/---

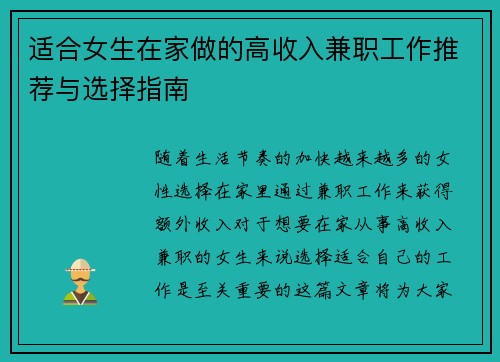 适合女生在家做的高收入兼职工作推荐与选择指南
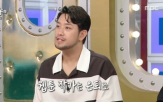 침착맨,만화,방송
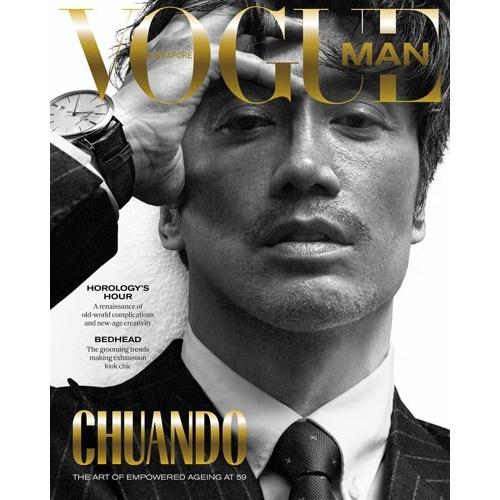 VOGUE SINGAPORE 2025年6月号 Magazine |  | 01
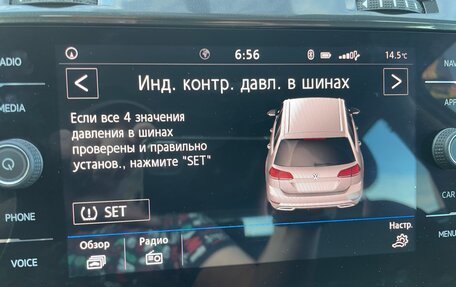 Volkswagen Golf VII, 2019 год, 1 450 000 рублей, 34 фотография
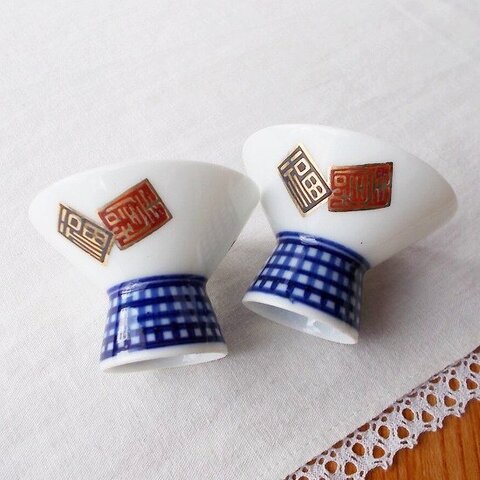 紺チェック格子柄高浜＆赤金黒【福禄寿】文字紋アンティーク高浜盃koyo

\---

**EXERCISE PROMPT:** Please copy out the entries above exactly as they appear, but skip their images.

**RESPONSE TO THIS EXERCISE:**
 适合女生在家做的高收入兼职工作推荐与选择指南
 침착맨,만화,방송
 VOGUE SINGAPORE 2025年6月号 Magazine |  | 01
 Volkswagen Golf VII, 2019 год, 1 450 000 рублей, 34 фотография
 紺チェック格子柄高浜＆赤金黒【福禄寿】文字紋アンティーク高浜盃koyo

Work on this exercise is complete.